**RECORDS SHOWN**.

|---|

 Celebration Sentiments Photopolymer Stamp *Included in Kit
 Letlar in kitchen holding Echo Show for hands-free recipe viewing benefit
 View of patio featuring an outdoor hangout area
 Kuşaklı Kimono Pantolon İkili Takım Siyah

|---|

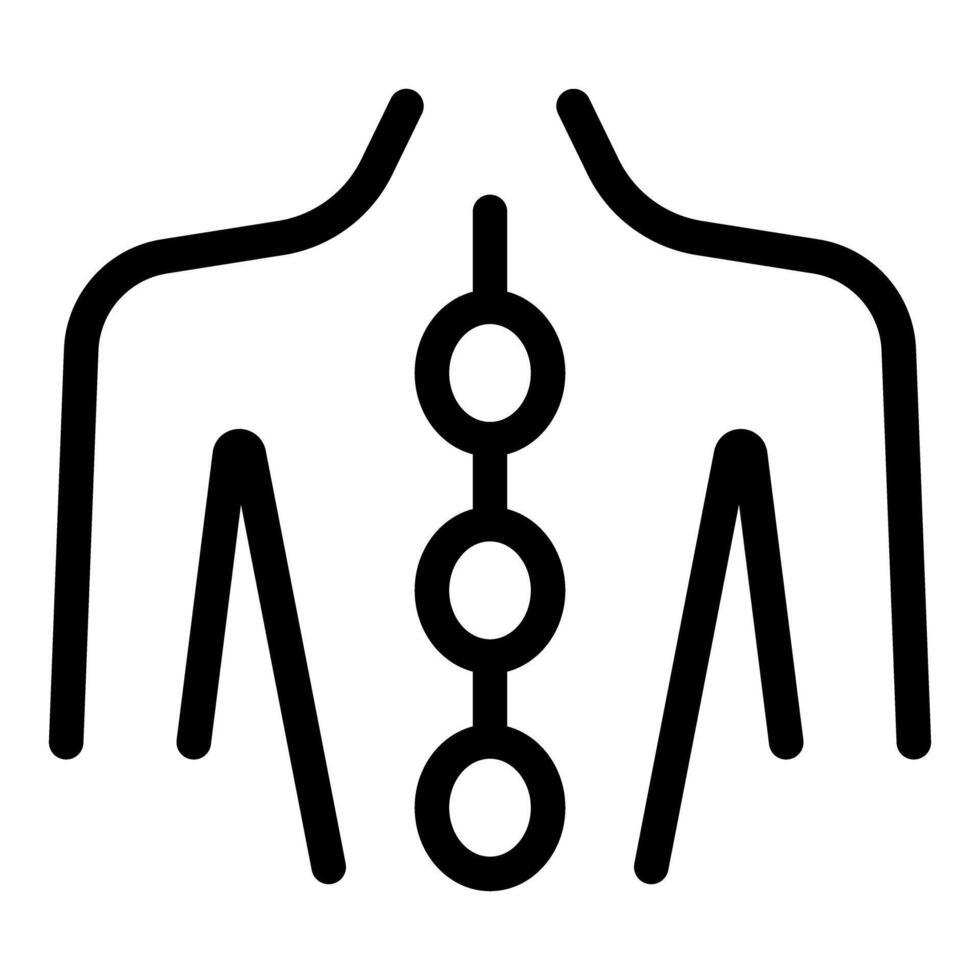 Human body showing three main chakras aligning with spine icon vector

|---|

Set down, from the entries above, exactly the lines from the one with "Celebration Sentiments Photopolymer" up to and including the one with "Kuşaklı Kimono Pantolon İkili Takım Siyah", and no other lines.

**SOLUTION FOR THIS PROBLEM**.
 Celebration Sentiments Photopolymer Stamp *Included in Kit
 Letlar in kitchen holding Echo Show for hands-free recipe viewing benefit
 View of patio featuring an outdoor hangout area
 Kuşaklı Kimono Pantolon İkili Takım Siyah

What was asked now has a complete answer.